• Rémi Kauffer : Le Pen et l'Algérie

     

    Rémi Kauffer : Le Pen et l'Algérie

    Historien spécialiste de l'Algérie, Rémi Kauffer a lu les Mémoires de Jean-Marie Le Pen. Il nous décrypte les silences et les oublis de l'auteur…

    « J'aurai passé ma jeunesse à voir l'armée française foutre le camp. Et à foutre le camp avec elle. » C'est vrai pour l'Indochine, où Jean-Marie Le Pen arrive après Diên Biên Phu, et l'expédition de Suez, où il gagne le surnom de « lieutenant Borniol » pour le soin qu'il met à enterrer les morts musulmans déchaussés et tournés vers La Mecque. En revanche, il participe à la bataille d'Alger dès le lendemain de l'ordre donné à la 10e division parachutiste (DP), commandée par le général Massu, de mettre fin à la campagne d'attentats lancée par le FLN.
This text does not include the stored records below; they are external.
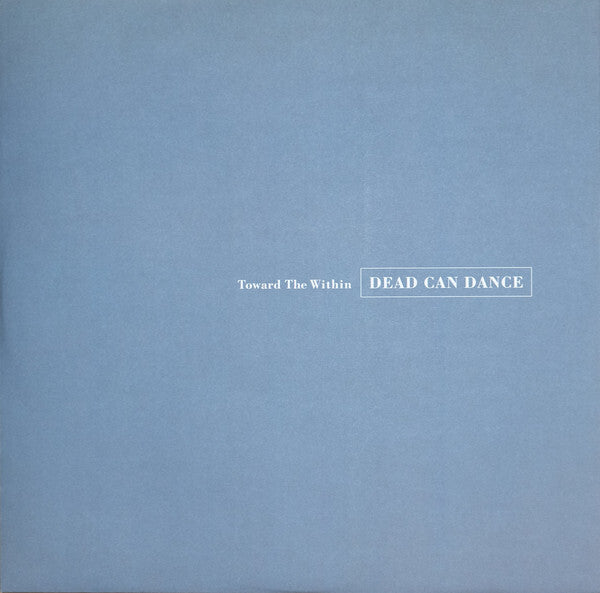 Dead Can Dance Toward The Within vinyl record cover with minimalist blue design and white text.
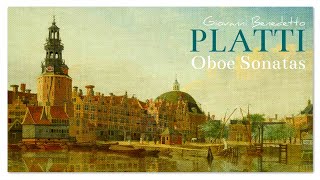 Giovanni Benedetto Platti Oboe Sonatas  Venetian Baroque Classical Music Master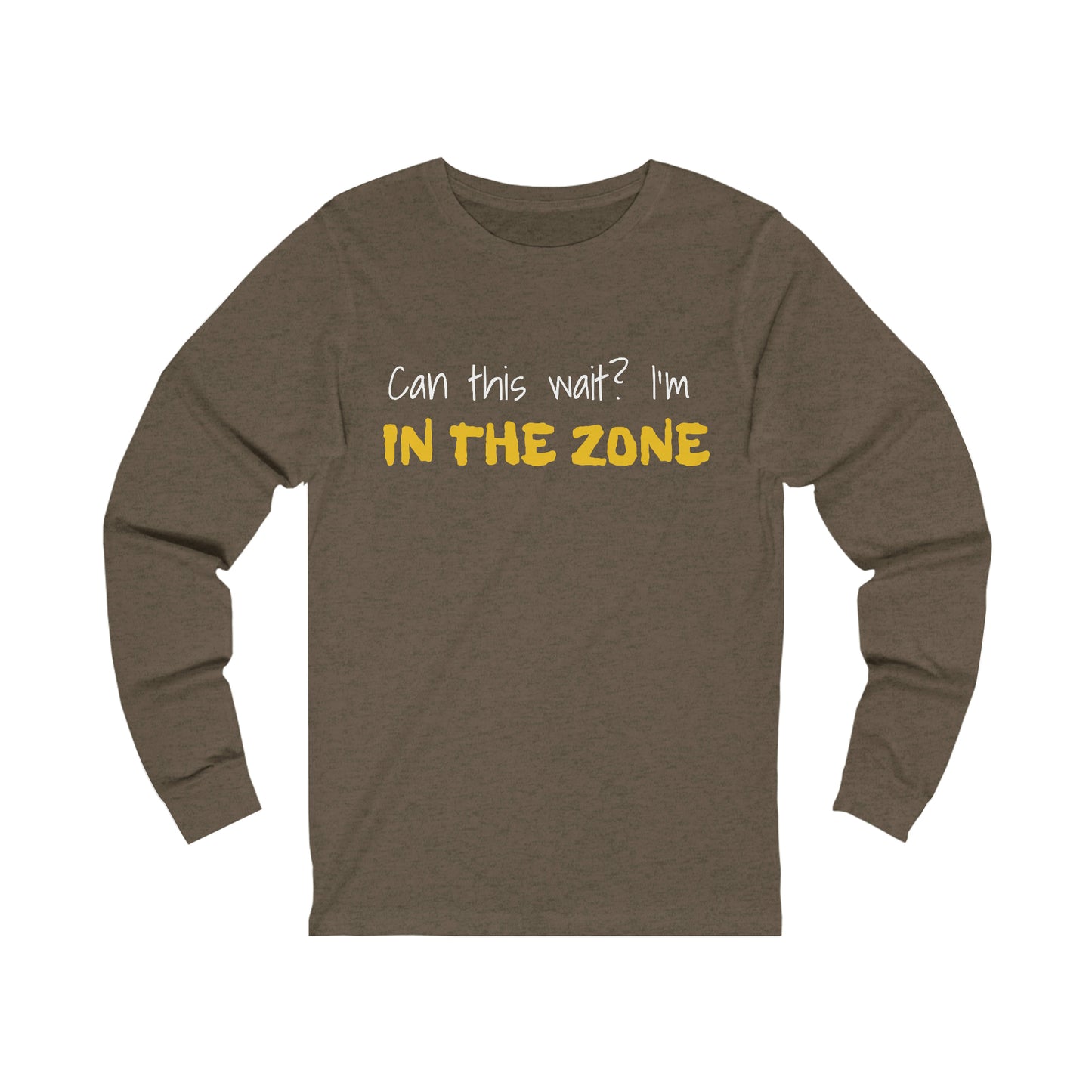 Can This Wait Unisex Jersey Long Sleeve Tee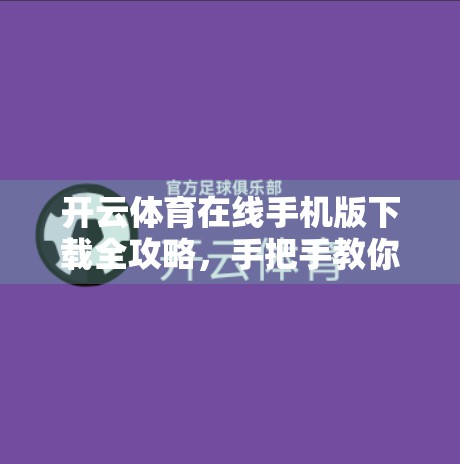 开云体育在线手机版下载全攻略，手把手教你轻松安装，畅享赛事直播不卡顿！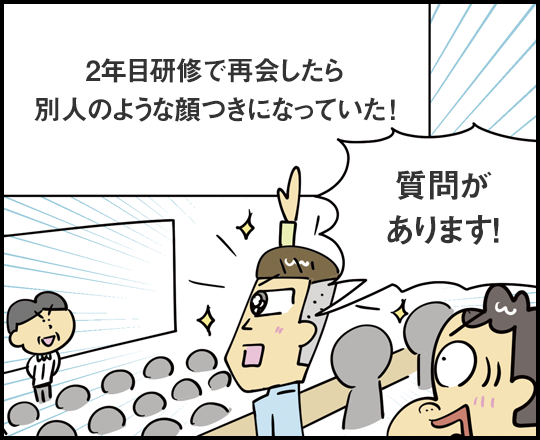 2年目研修で再会したら別人のような顔つきになっていた！ 質問があります！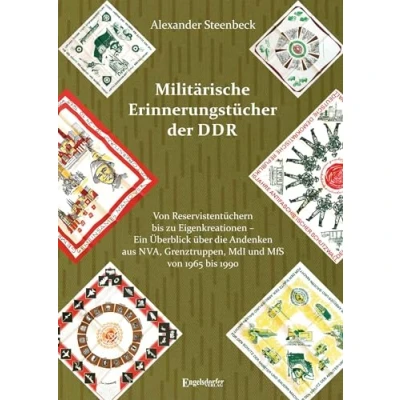 Abbildung von Militärische Erinnerungstücher der DDR: von Reservistentüchern bis zu Eigenkreationen Ein Überblick über die Andenken aus NVA, Grenztruppen, MdI und MfS 1965 1990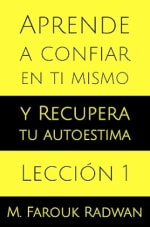 Aprende a confiar en ti mismo y recupera tu autoestima. Lección 1 gratis en Amazon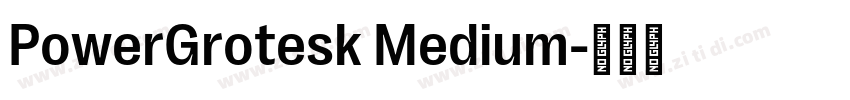 PowerGrotesk Medium字体转换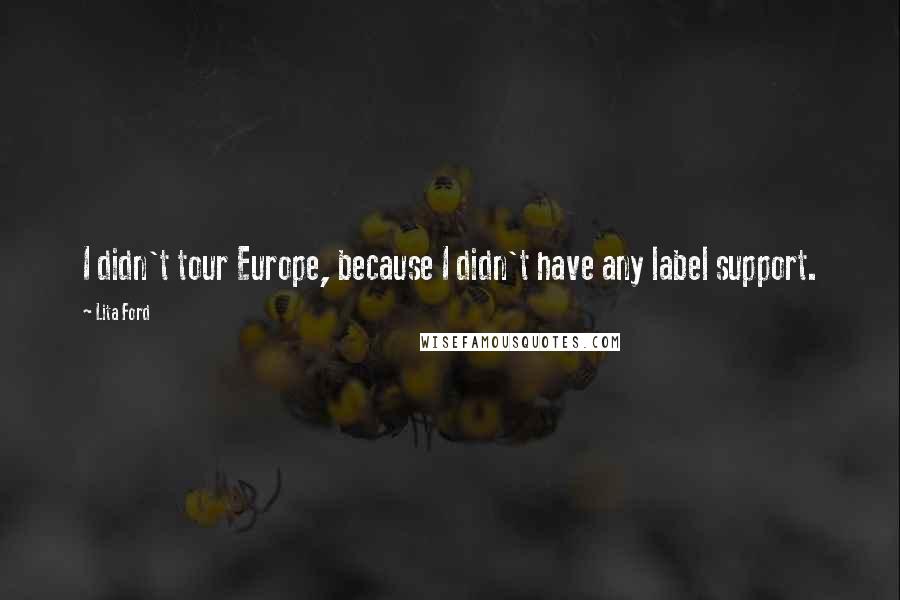 Lita Ford Quotes: I didn't tour Europe, because I didn't have any label support.
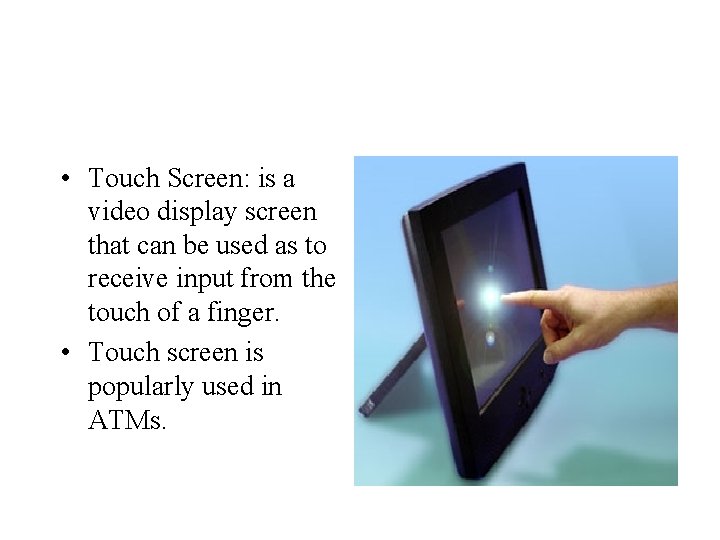  • Touch Screen: is a video display screen that can be used as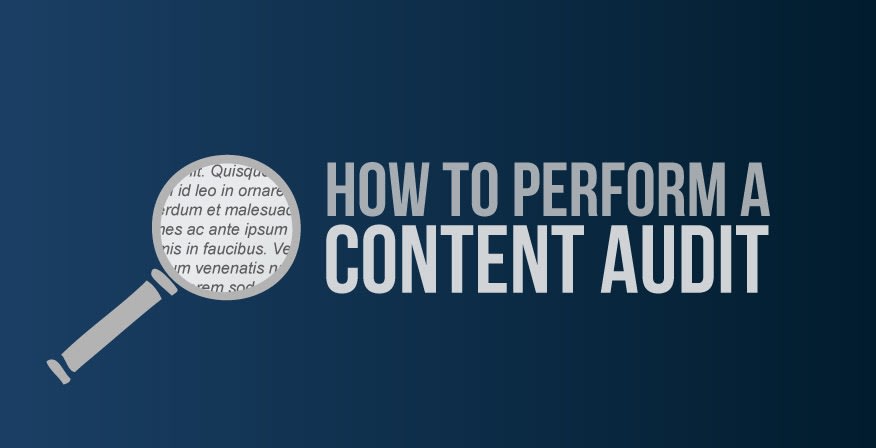 5 Ways to Perform an Effective Content Audit For Your Site (FREE Template Included)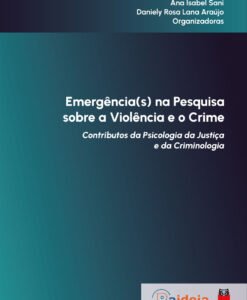 Emergência(s) na Pesquisa sobre a Violência e o Crime: contributos da psicologia da justiça e da criminologia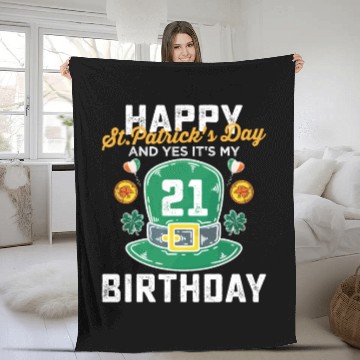 Discover Happy St Patricks Day And Yes Its My 21st Birthday Fleece Blankets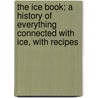 The Ice Book; A History of Everything Connected with Ice, with Recipes door Thomas Masters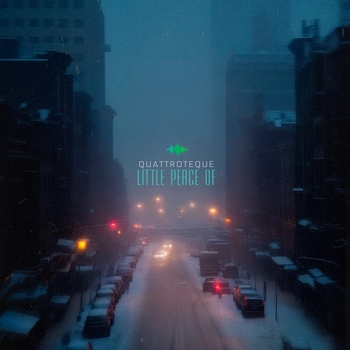 Quattroteque - Little Piece of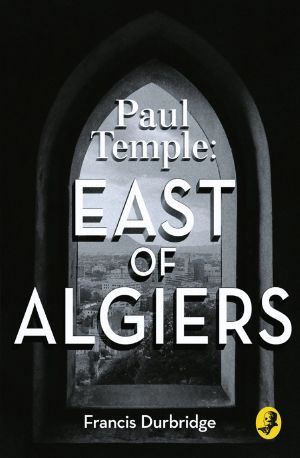 [Paul Temple Novels 07] • East of Algiers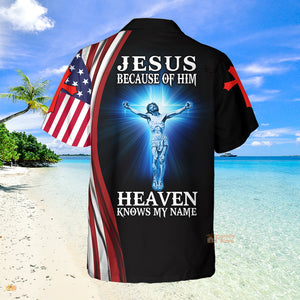 Jesus Because Of Him Heaven Knows My Name American Flag Hawaiian Shirt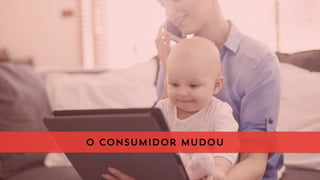 o consumidor mudou
 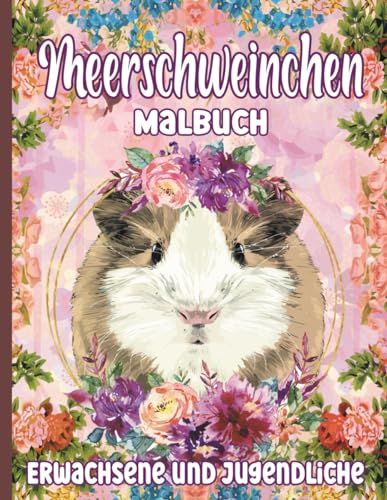 Meerschweinchen Malbuch für Erwachsene und Jugendliche: Malbuch mit wunderschönen und entspannten Meerschweinchen-Motiven, Mandalas, Blumen, Mustern und vielem mehr! von Independently published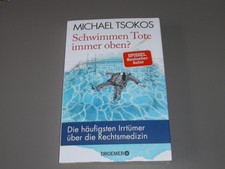 Michael Tsokos "Schwimmen Tote immer oben?"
    Rémi Kauffer Historien

    © Jacques BENAROCH/SIPA Jacques BENAROCH/SIPA / Jacques BENAROCH/SIPA

     

    Ce 8 janvier 1957, le député et officier de renseignement Jean-Marie Le Pen débarque de Zéralda avec le 1er REP, régiment de la Légion étrangère, au sein duquel il a rempilé. C'est l'une des quatre unités en pointe pour démanteler les réseaux terroristes de la Ville blanche. Sur l'action de l'armée française en Algérie, longuement évoquée dans ses Mémoires, il faut d'abord noter que Jean-Marie Le Pen ne fait état, côté « rebelles », que de bilans très sous-estimés. « Concernant les émeutes de Sétif, qui débutent le 8 mai 1945, il évoque une répression qui aurait fait 1 200 morts parmi les musulmans alors qu'il y en a eu au moins dix fois plus, note l'historien Rémi Kauffer (1), auteur de OAS, histoire d'une guerre franco-française (Seuil). Et, sur la bataille d'Alger, 1 000 alors que c'est au moins le double. » Un bilan jugé « exceptionnel » par Jean-Marie Le Pen, au regard des résultats, l'activité terroriste étant « extirpée » de la capitale à l'automne 1957.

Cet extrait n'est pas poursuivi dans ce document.